Exercise goal
The required answer is the run of lines from the one holding "Hotel Chasa Chalavaina Müstair Oda fotoğraf" to the end of the data below, copied exactly and free of pictures.

Data block
++++++++++++++++++++

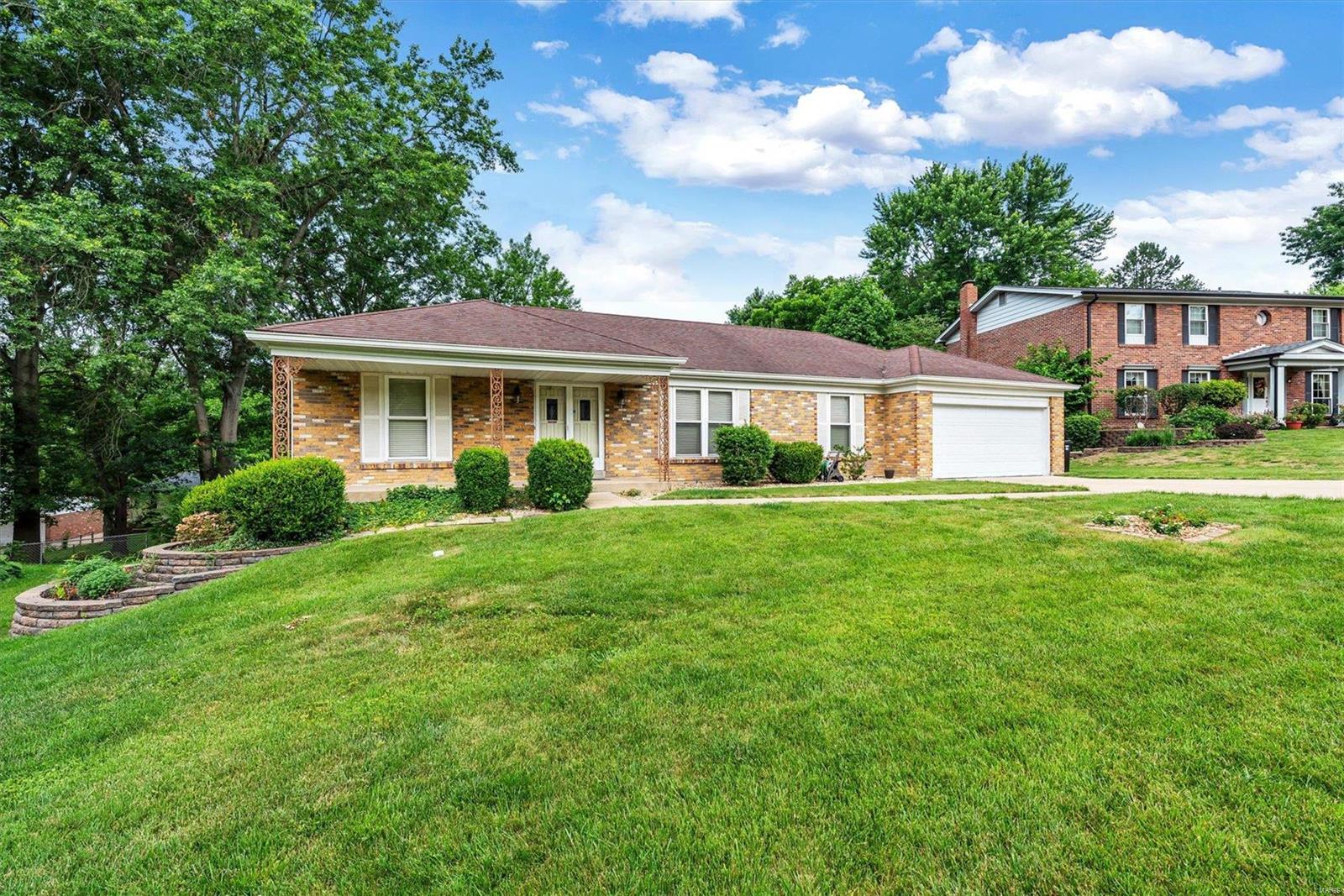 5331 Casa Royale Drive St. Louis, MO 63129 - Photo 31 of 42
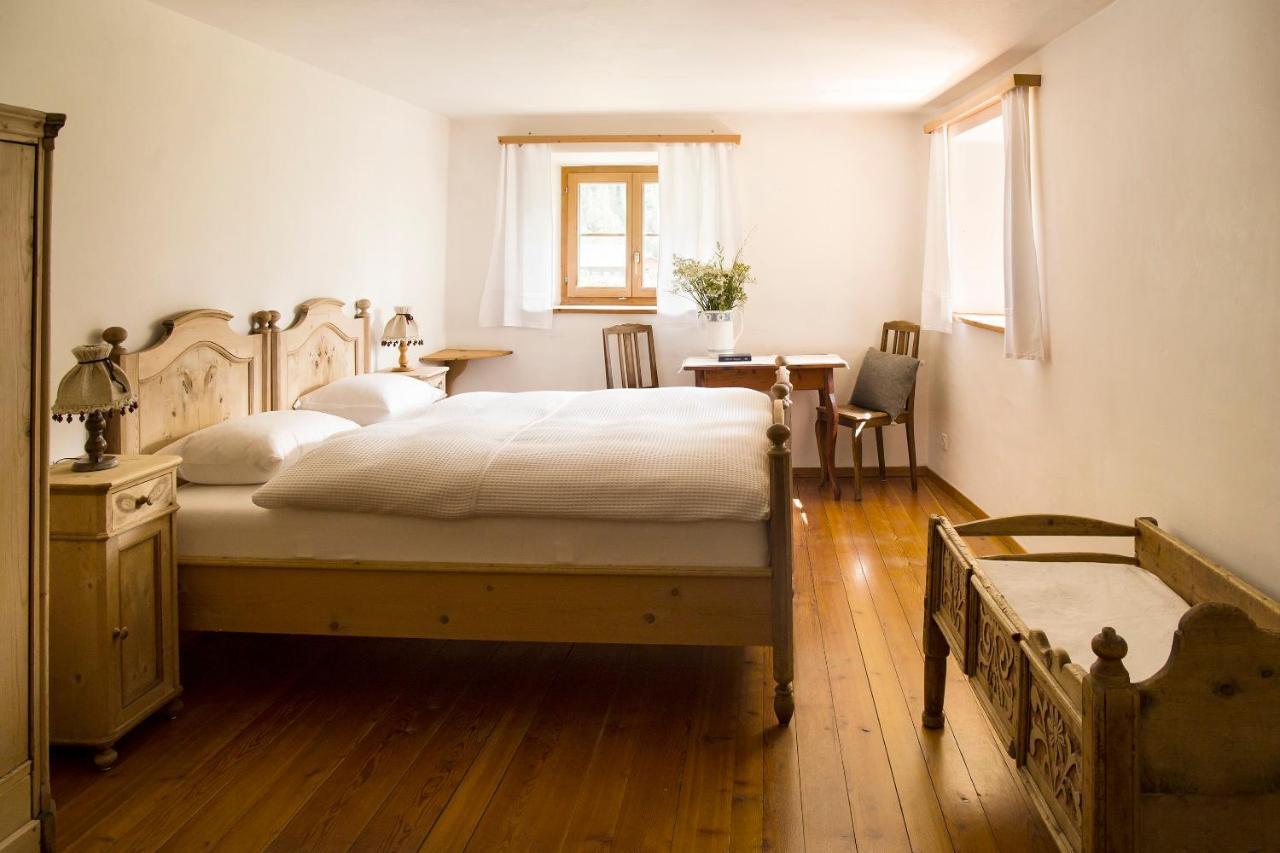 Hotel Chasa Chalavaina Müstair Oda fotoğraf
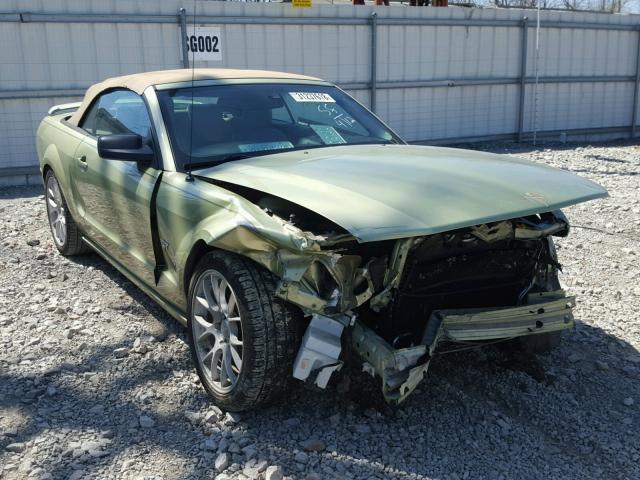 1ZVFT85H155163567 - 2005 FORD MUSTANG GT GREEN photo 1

++++++++++++++++++++

Written answer
 Hotel Chasa Chalavaina Müstair Oda fotoğraf
 1ZVFT85H155163567 - 2005 FORD MUSTANG GT GREEN photo 1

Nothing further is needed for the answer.